Rokok Mahal, Ilegal Makin Laris? GAPPRI Angkat Suara

Harga Rokok Naik di 2025. (Foto: MN/Ist).

Matanusa, Jakarta – Pemerintah resmi menaikkan harga jual eceran (HJE) rokok pada tahun 2025, dengan rata-rata kenaikan mencapai 10,5% dan pajak pertambahan nilai (PPN) naik menjadi 10,7%. Kenaikan ini diperkirakan akan mengerek harga rokok hingga 28,27% pada beberapa golongan.

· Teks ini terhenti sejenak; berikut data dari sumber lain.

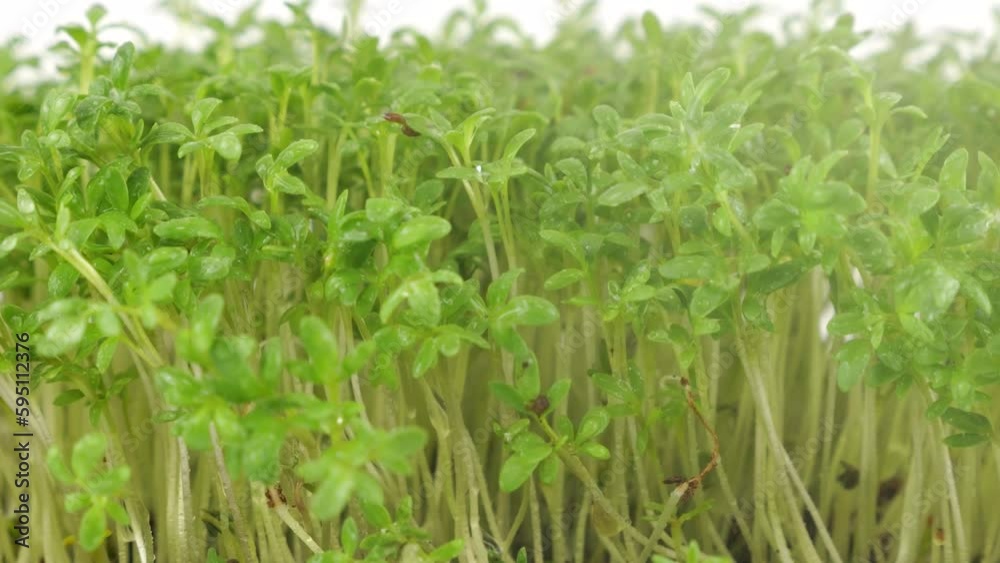 Watering microgreens garden cress seedling with small drops of water. Slow motion. The microgreen in plastic trays. Watering microgreens garden cress seedling with small drops of water. Slow motion. The microgreen in plastic trays.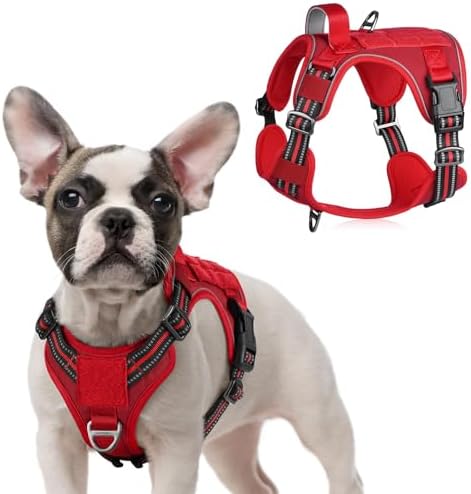 rabbitgoo Tactical Dog Harness for Small, No Pull Military Service Vest by rabbitgoo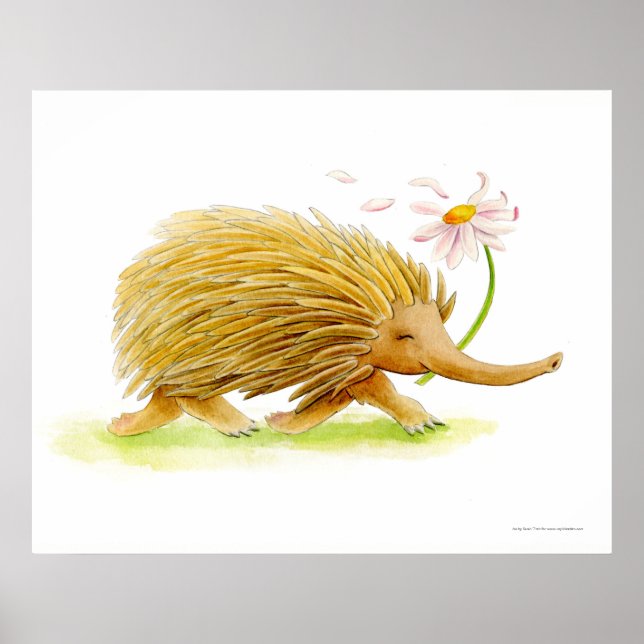 Echidna watercolor whimsy art poster (Front)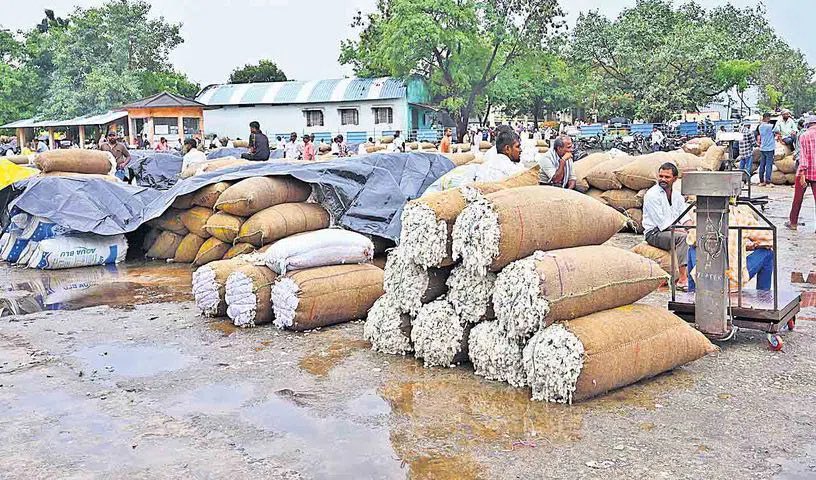 ఆరుగాలం కష్టించి పత్తిని పండించిన తెలంగాణ రైతన్నలు, నేడు కేంద్ర, రాష్ట్ర ప్రభుత్వాల నిర్లక్ష్యం వల్ల మార్కెట్ యార్డుల్లో పడిగాపులు పడుతున్నారు.

కళ్ల ముందే పండించిన పత్తి ఈ చలికాలపు తేమకు పాడవుతోంటే ఆదుకోవాల్సిన కేంద్ర, రాష్ట్ర ప్రభుత్వాలేమో మొద్దు నిద్ర నటిస్తున్నాయి. 

నెల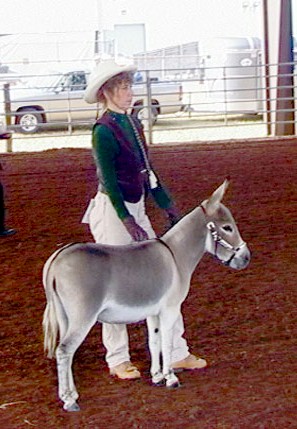 Grulla!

Ketua Umum Perkumpulan Gabungan Perserikatan Pabrik Rokok Indonesia (GAPPRI), Henry Najoan, menyatakan bahwa kebijakan ini berisiko membebani industri hasil tembakau (IHT), terutama bagi produsen sigaret kretek tangan (SKT) yang mengalami kenaikan harga hingga 14,07%.

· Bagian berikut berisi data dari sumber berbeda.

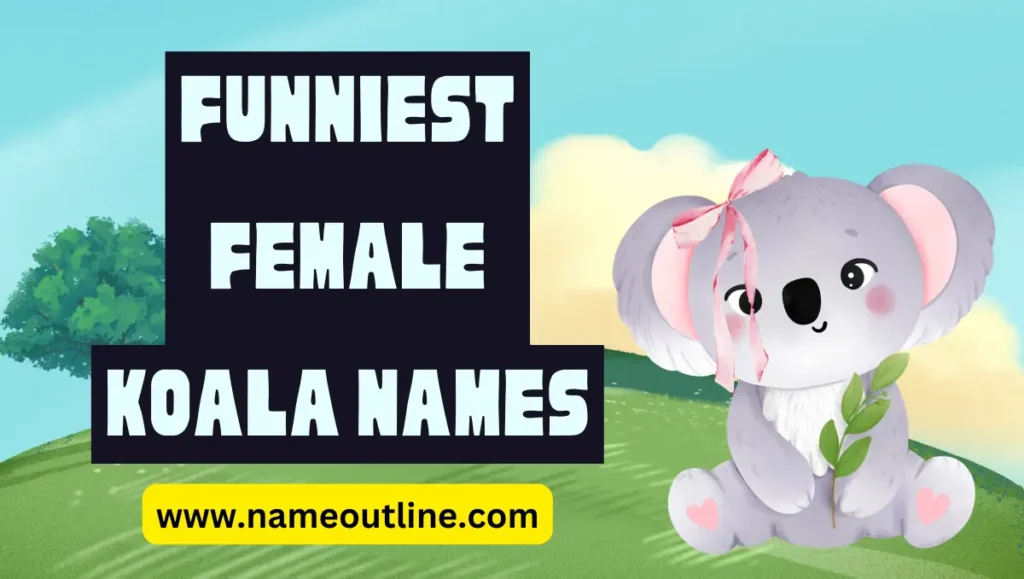 Funniest Female Koala Names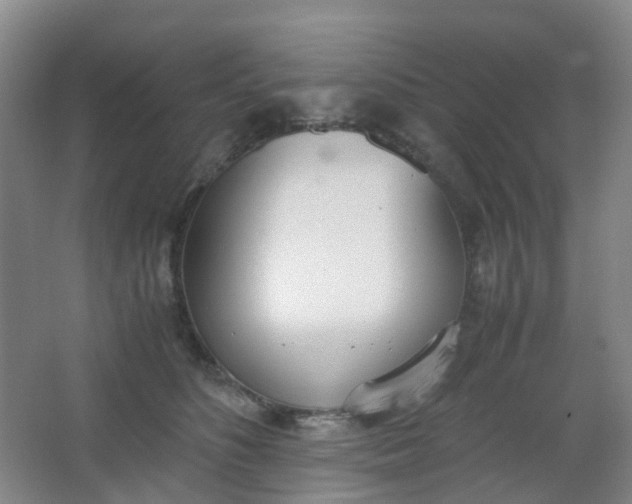 X0000062930516200601271835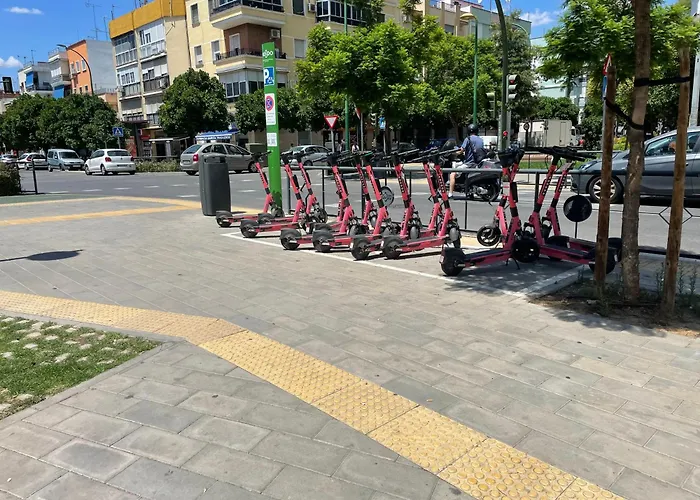 Los Naranjos De Zambra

“Kenaikan ini berdampak langsung pada harga jual rokok di pasar, yang pada akhirnya bisa memicu peralihan konsumen ke rokok ilegal,” kata Henry, pada Jumat (3/1).

Potensi Meningkatnya Rokok Ilegal

Henry menjelaskan bahwa lonjakan harga rokok legal akan membuka peluang bagi peredaran rokok ilegal. Ia khawatir konsumen yang mencari harga lebih murah akan beralih ke produk ilegal yang tidak dikenakan pajak dan pungutan.

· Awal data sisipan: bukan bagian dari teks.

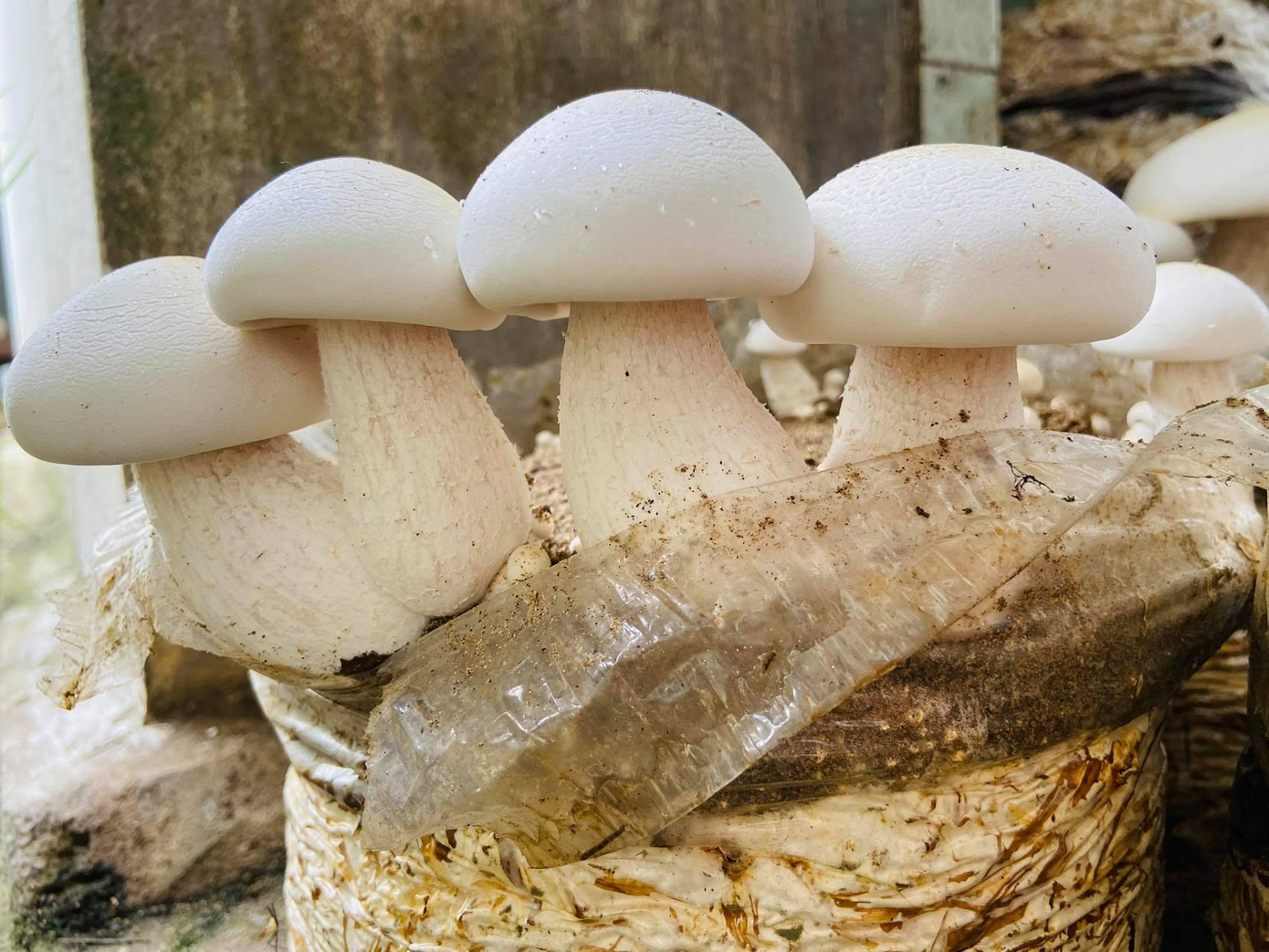 Nấm Hoàng Ðế do Vân sản xuất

“Produksi rokok nasional bisa menyusut jika konsumen beralih ke rokok ilegal. Ini akan menguntungkan penjual rokok ilegal yang tidak dibebani aturan pajak,” tambahnya.

Industri Rokok Terancam

Henry mengungkapkan bahwa produksi rokok dalam negeri terus menurun hingga 0,78% dalam 10 tahun terakhir. Kenaikan HJE ini dinilai memperparah kondisi IHT dan berdampak langsung pada nasib para pekerja di sektor tersebut.

“Kenaikan HJE akan memicu penurunan permintaan. Akibatnya, tenaga kerja di sektor ini akan terdampak,” ujarnya.

GAPPRI Minta Pemerintah Relaksasi Tarif

GAPPRI sebelumnya telah meminta pemerintah agar memberikan relaksasi terhadap tarif cukai hasil tembakau (CHT) dan HJE hingga 2027. Mereka juga berharap tarif PPN rokok tetap berada di angka 9,9%.

Namun, pemerintah memutuskan menaikkan PPN rokok menjadi 10,7%, yang menurut Henry bertentangan dengan kebijakan Presiden Prabowo Subianto yang menetapkan tarif dasar PPN tetap 11%.

“Kenaikan PPN ini tidak sesuai dengan kebijakan yang disampaikan Presiden. Ini akan membebani pengusaha dan mempercepat peredaran rokok ilegal,” ungkap Henry.

Henry menegaskan bahwa IHT saat ini berada di bawah tekanan regulasi yang ketat, baik secara fiskal maupun non-fiskal, dengan lebih dari 480 aturan pembatasan. Ia berharap pemerintah mengevaluasi kembali kebijakan tersebut demi keberlangsungan industri dan tenaga kerja.

“Jika harga rokok terus naik, daya beli masyarakat yang masih lemah akan semakin tergerus, dan rokok ilegal berpotensi merebak,” pungkasnya.